Die Einleitung will erstens über das wichtigste des isländischen Strafrechtes orientieren, soweit es fur das verständnis dieser Sage erforderlich ist, und beruht auf Konrad Maurers "Altisländischem Strafrecht und Gerichtswesen" (Leipzig, 1910) und vor allem auf Andreas Heuslers "Strafrecht der Isländersagas"(Leipzig 1911), dem an den gekennzeichneten Stellen wörtlich gefolgt ist. Sie will zweitens, und das ist die Hauptsache, darlegen, daß unsere Sage ein Kunstwerk ist, das von einer einheitlichen Idee zusammengehalten wird.

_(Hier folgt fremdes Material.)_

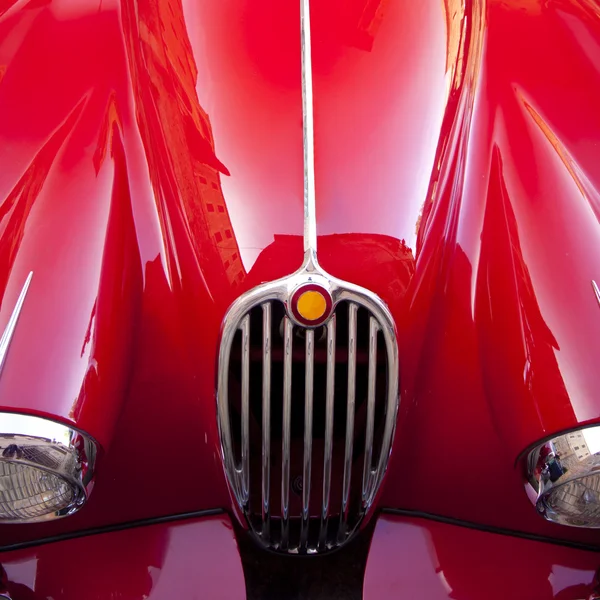 Красный роскошный ретро спортивный автомобиль — стоковое фото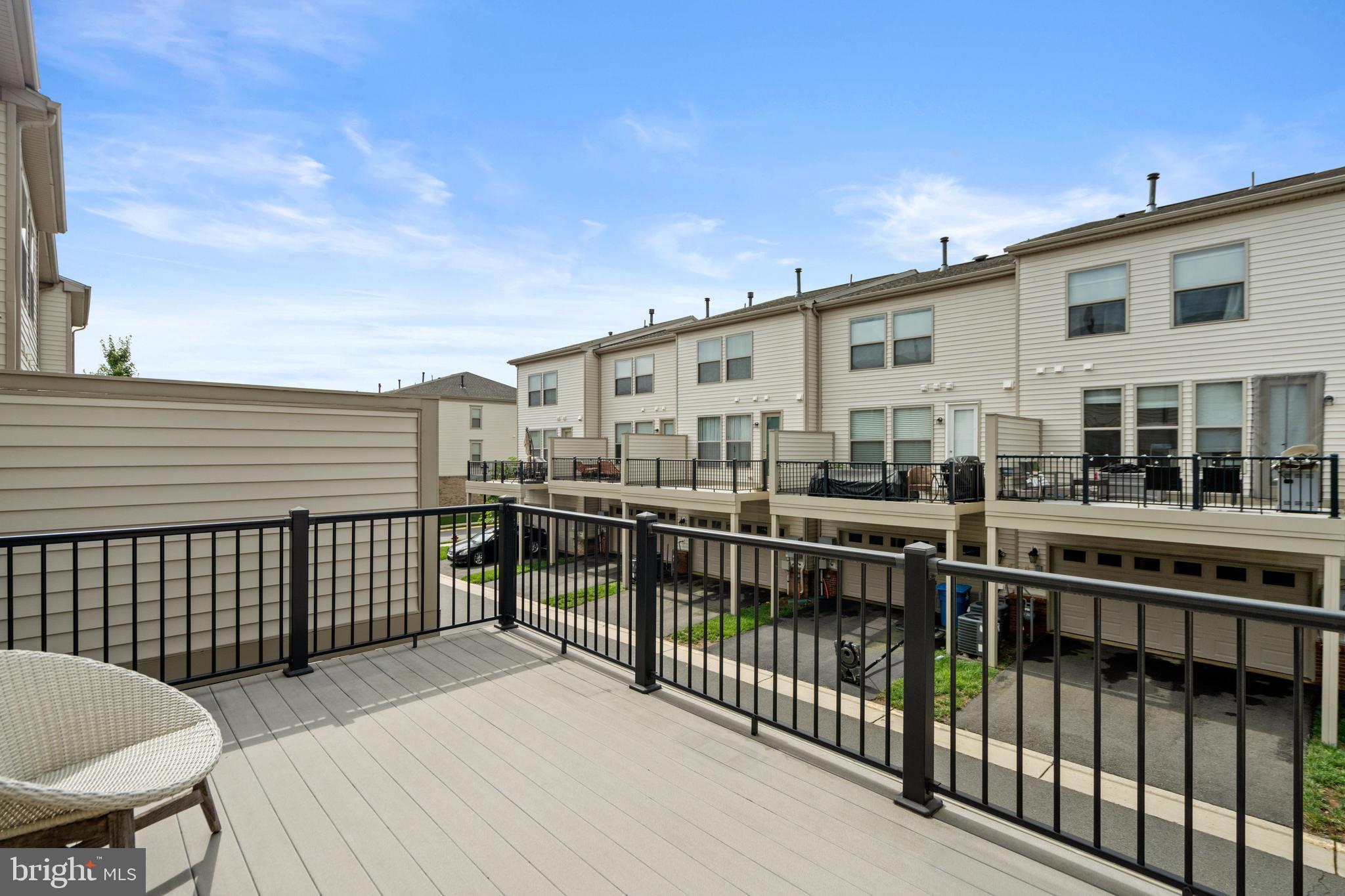 23393 EPPERSON SQUARE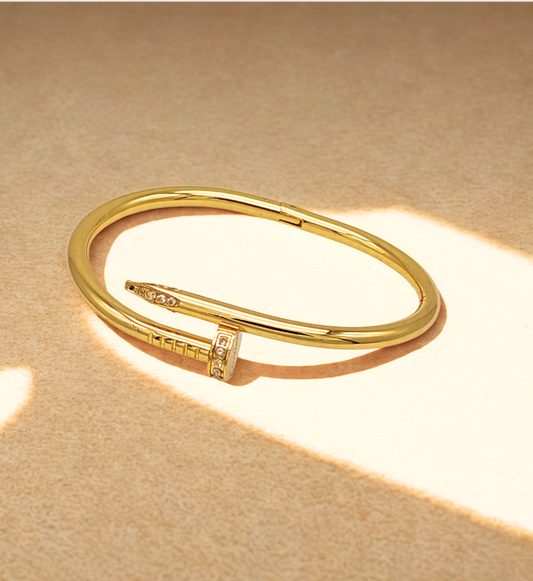 Nail Design Gold Bracelet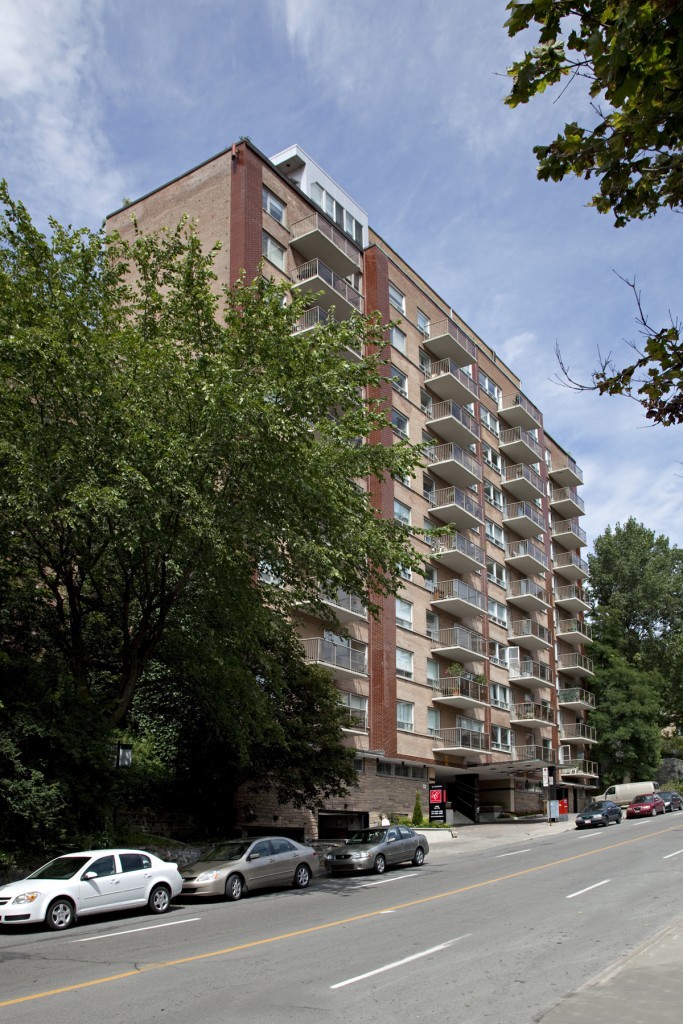 1745 Avenue Cedar — photo 3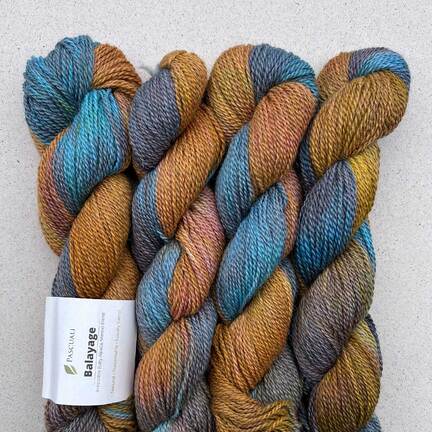 Pascuali Balayage Hand-Dyed garn i farven Caramel Swirl – håndfarvet alpaka-merino garn i gyldne, brune og blågrå nuancer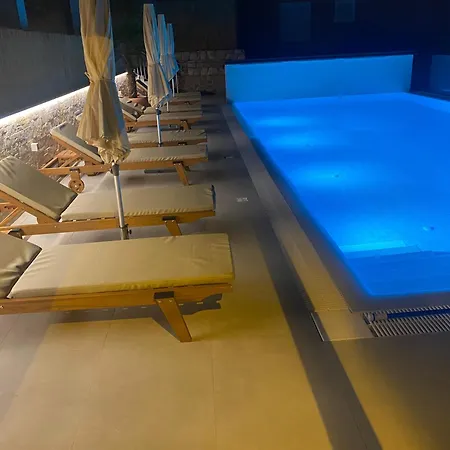 Eden Adults Only 3* Трогир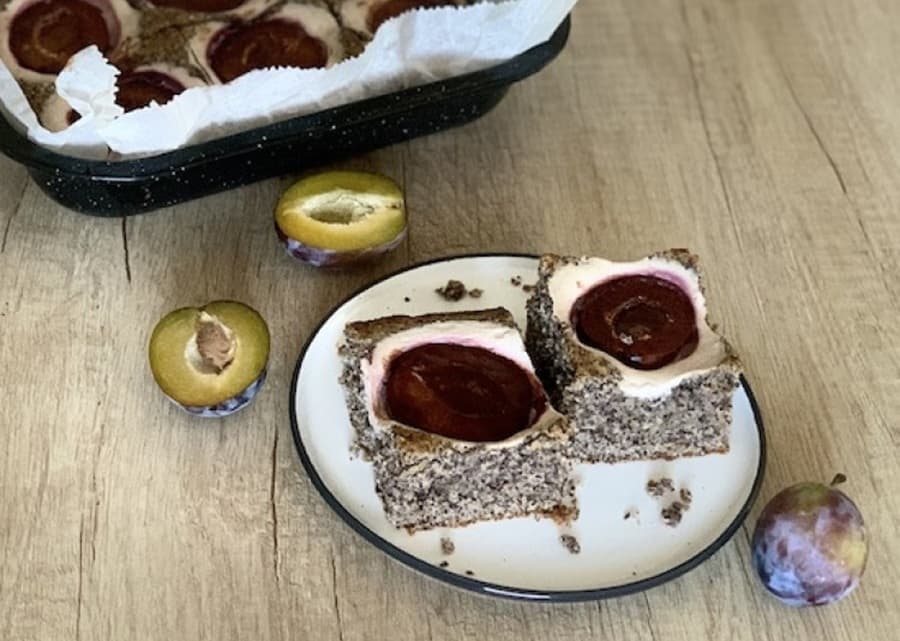 Skvelý recept na hrnčekový makový koláč so slivkami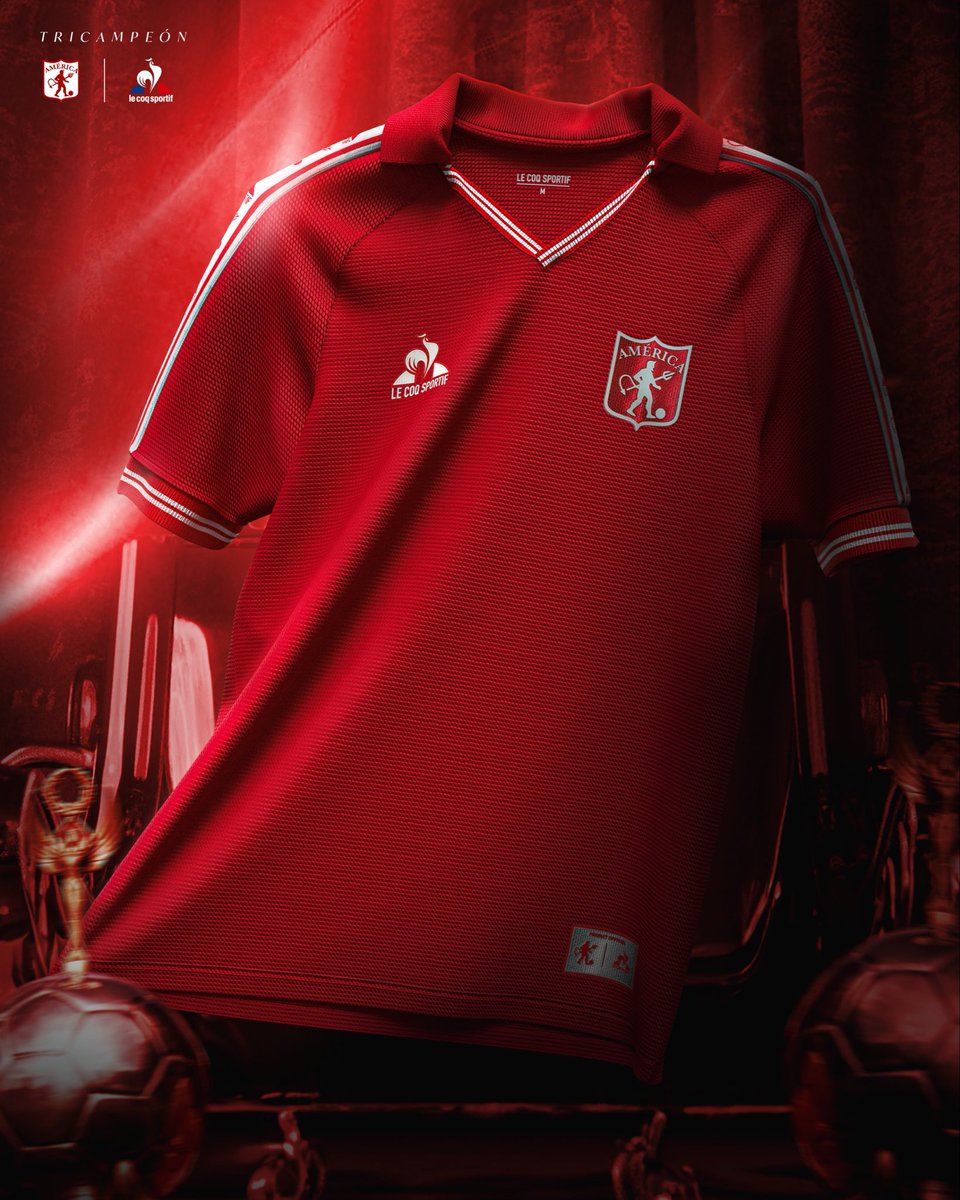 TheyThinkKits's tweet image. América de Cali x Le Coq Sportif

This could be the greatest shoulder tape we’ve ever seen… 😮‍💨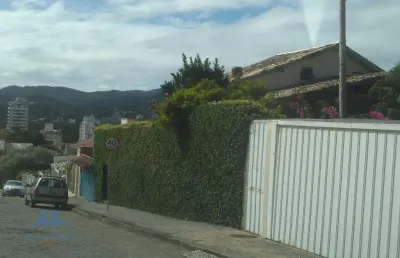 Casa à venda, 647 m² por r$ 1.380.000,00 - trindade - florianópolis/sc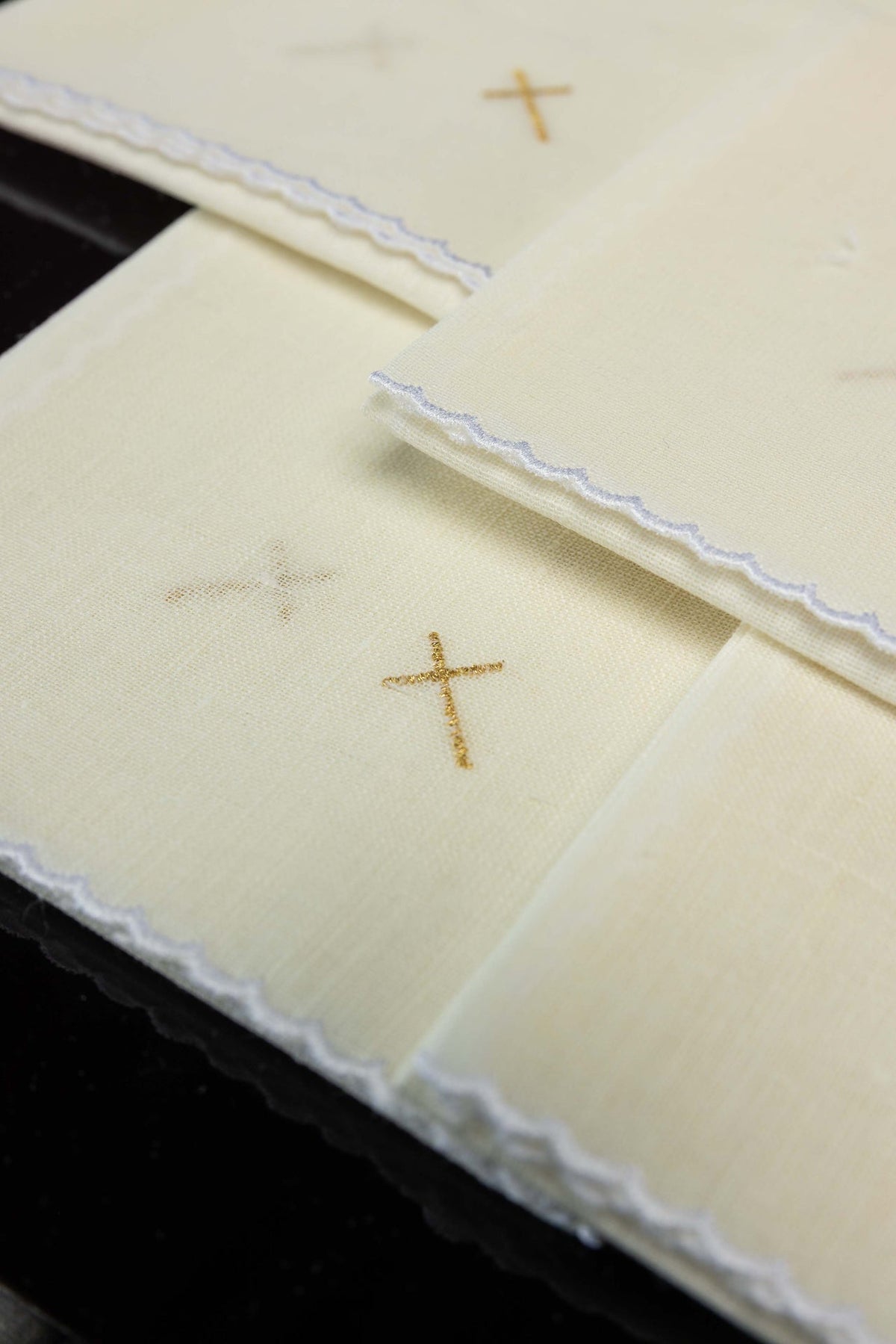 Set of 5 Linen Corporals with Gold Cross Embroidery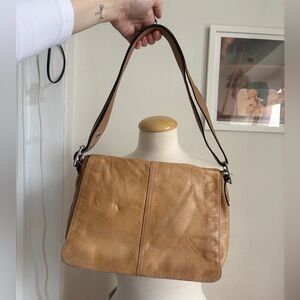 Coach Hampton Flap Bag Vintage Tan Leather Shoulder Bag Y2K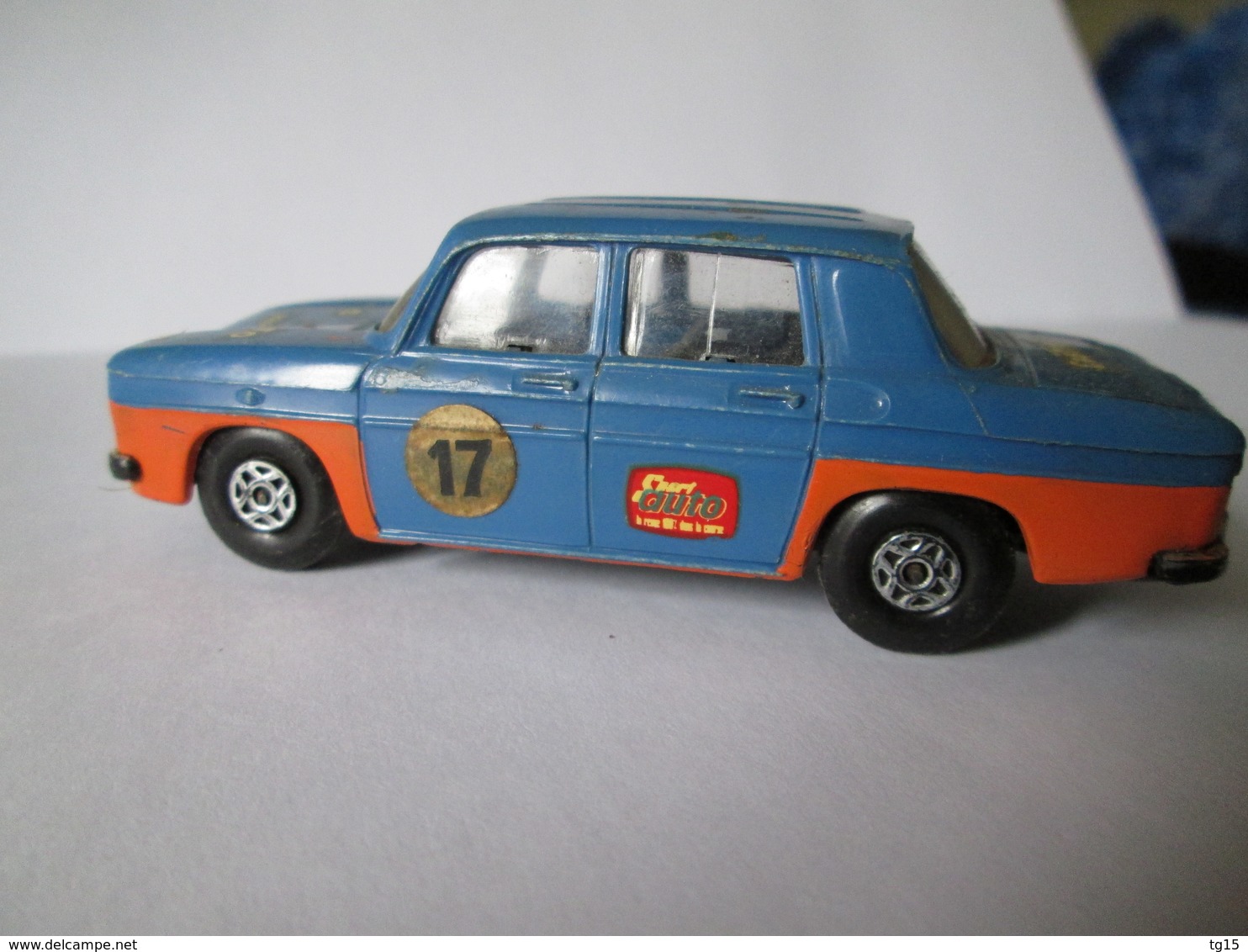 NOREV  RENAULT 8 GORDINI   A Restaurer  1/43 - Norev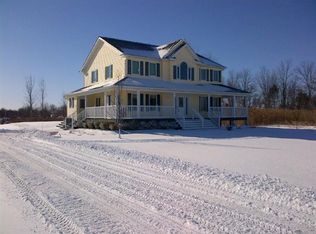 3945 Carrigan Rd, Fort Gratiot, MI 48059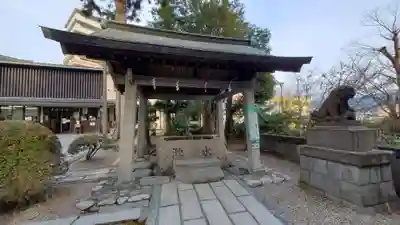 新橋浅間神社の手水舎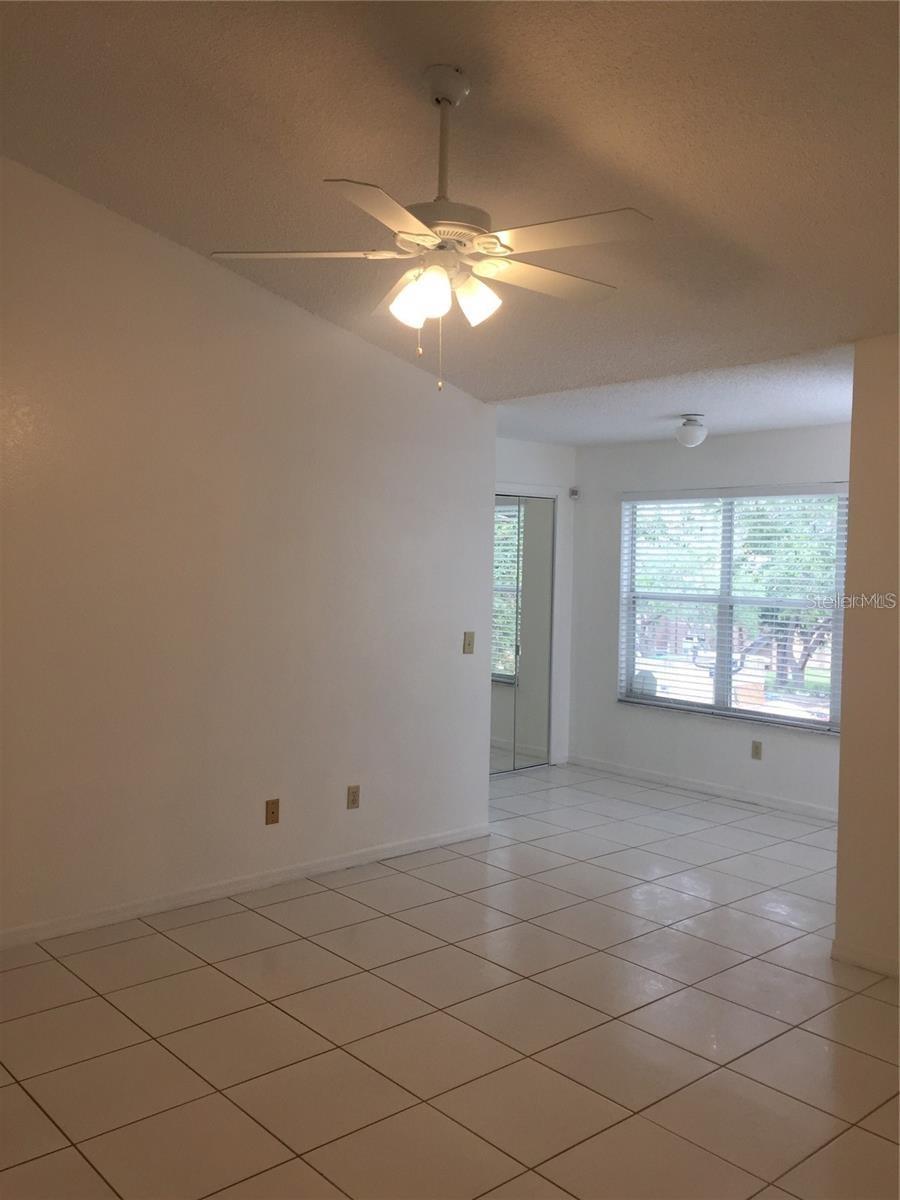 Image 4 of 10 For 4528 Commander Drive 2034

Dem Leser wird empfohlen, sich zunächst einen flüchtigen Überblick über den Inhalt zu verschaffen, mit Auslassung der Genealogien und Nebenhandlungen, dann die Einleitung zu lesen und darauf die ganze Sage langsam zu genießen. Auch bei einem musikalischen Kunstwerke wird ja verständnis und Genuß durch vorhergehendes Studium der Partitur gefördert.
Die geographischen Namen sind unverändert in der Original form beibehalten; auf der Kartenskizze stehen, soweit dies ohne Zwang möglich und Platz vorhanden war, die deutschen Übersetzungen in Klammern unter den isländischen Ortsnamen .
In den Dichtungen ist die Form des Originals ziemlich getreu nachgebildet. Um Stab-, Binnen- und Endreim beibehalten zu können und doch da-- Verständnis nicht zu sehr zu erschweren , wurden die sogenannten ,Umschreibungen' oft aufgelöst.
Die Anmerkungen beschränken sich auf das notwendigste.